After this, Helen wanted to learn to speak, which people thought would be impossible. Low and behold, Mrs.Sullivan took her to the Horace Mann school. There, she met Miss Fuller who taught her how to form words and eventually speak full sentences, to which she was looking forward to being able to speak with her family and friends. This opened up a whole new path of possibilities for Keller which she followed later in her life. She went to a school in New York City where she learned about history, and math as well as speaking foreign languages such as German, Latin, and French. She also went to college in Massachusetts, but was eventually taken out by her mother due to her disagreement with the school’s principal to try and lighted Helen’s work load. Overall, it can be said that this disabilities for Helen Keller were both mentally and physically extremely difficult for her get past it; however she was able to adapt and overcome these challenges.

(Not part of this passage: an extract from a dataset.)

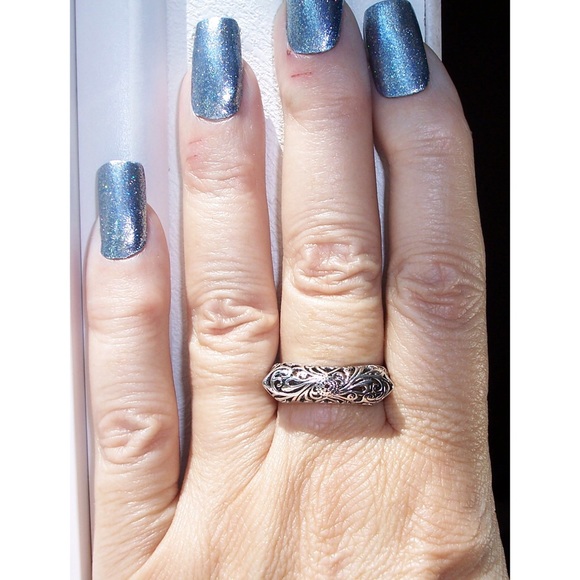 925 STERLING SILVER Unique Floral Swirls Statement Ring - Picture 6 of 16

From this we can assume that she had an extremely strong will and was determined to get past whatever came her way.
Things I learned from the book:
Born June 27, 1880 up until the date of June 1st 1968 at the age of 88 due to natural causes
Helen Keller was an avid reader
The daughter of her family’s cook helped Helen learn some form of sign language to help her communicate with her family
She often became frustrated when trying to learn new words because she did not know that each object had a different name.
She knew around 60 different signs at the age of 7
Helen loved dogs, as she had a few dogs in her childhood
One of the first words she learned was ‘water,’ which she learned by having Mrs.Sullivan spell the words for Helen on her hand.

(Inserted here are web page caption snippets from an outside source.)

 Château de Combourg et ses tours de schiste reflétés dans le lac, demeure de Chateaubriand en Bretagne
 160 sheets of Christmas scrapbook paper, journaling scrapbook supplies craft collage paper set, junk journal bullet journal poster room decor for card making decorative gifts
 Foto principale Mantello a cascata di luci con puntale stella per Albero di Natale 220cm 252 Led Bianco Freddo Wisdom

Helen also learned how to communicate with other people by touching their lips while the person was talking
Helen Keller was a good friend of author Mark Twain as well as his daughter
Helen was friends with Alexander Graham Bell (he taught her some methods of how to speak) Helen Keller learned how to speak
Her father was a captain for the Confederate army
She attended school at Radford college (she was also the first deaf and blind student to attend school there)
Helen attended the Perkins Institute for her education
Helen learned at least three languages other than English: French, German, as well as Latin!

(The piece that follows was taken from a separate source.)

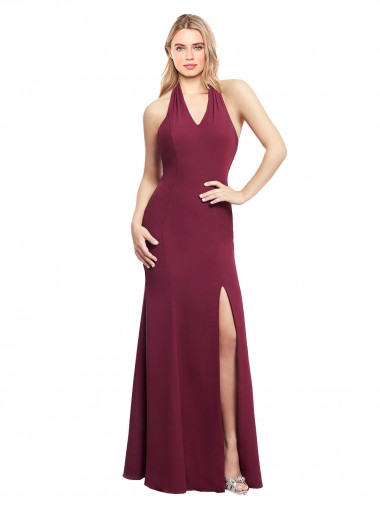 Open Back Burgundy Soft Chiffon Halter Neck Long Sleeveless Bridesmaid Dress Norwich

I also learned that Helen Keller attended the Horace Mann school
Personally, I absolutely hated this book. If I had to rate the book, I would probably rate it -100,000/10. While it is very impressive that Helen Keller was able to write books as a blind person, it was just so boring! I hated every single moment I had to spend reading this book, and it easily made this my least favorite assignment that I’ve ever had to do for school. I have the attention span of a spoon, and it was excruciatingly painful to read. I absolutely loathe this book because of how boring it was, and I hardly found any of it interesting, as well! There was not a whole lot of imagery to it, either which made the book extremely boring. It did not describe much about what she was feeling during the moment. To some extent, I can understand why there was not a lot of imagery, but I do wish she would have (at the very least) described more about what she felt in some moments like when she was trying to learn new words and got frustrated. I want to know what was going through her head when she was trying to learn the names of different objects, and how she felt when she learned how to communicate with other people. Telling about your own personal experiences (at least, in a book), can only get a person so far. In retrospect, I can respect that she went to college, and was the first deaf and blind person to attend college and that she overcame her obstacles, I still heavily disliked this book.